As with all things in computer science, there haven been successful implementations of anything that we see as unsolvable in a Unix-derivative. It's sad that so little of even non-research results has been incorporated into mainstream operating systems. I'm sure nickpsecurity can expand on this in detail, but let's just say Burroughs, VMS, Eros, L4 are all things that come to minds as ancient production quality software which solved issues fundamentally. For a newer strain have a look at Barrelfish.
OpenBSD supports multiple cores fine as far as userland goes. If you have 8 cores and start 20 userland processes, they'll be scheduled on all 8 cores. But yes, the kernel itself is not as fine-grain multithreaded as some others. Whether that matters depends on whether waiting on the kernel turns out to be a bottleneck for your workload.

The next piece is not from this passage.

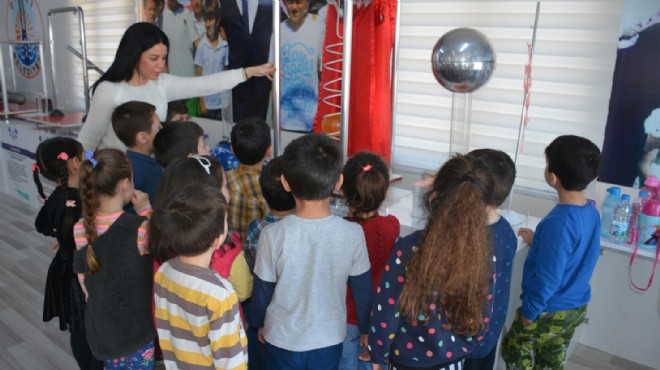 Dikili de çocuk bilim evine ziyaretçi akını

It might be ok for compute-only tasks that spread calculations over threads or processes in userland, but anything involving input/outpout (e.g. networking) will block.
Not at all, SMP opens a huge can of worms both for userland and kernel security. Suddenly you have all sorts of weird race conditions to deal with and in some kernels (cough XNU) logic bugs that stem directly from how kernel subsystems interact with threads. I don't blame OpenBSD for not going down that route.
Which is why DragonflyBSD was forked during the disagreement on FreeBSD's SMPng. Matt implemented more of a message passing system instead and Sepherosa Ziehau made all kinds of improvements to share as little as possible between cores and thus enable higher scalability in particular for networking.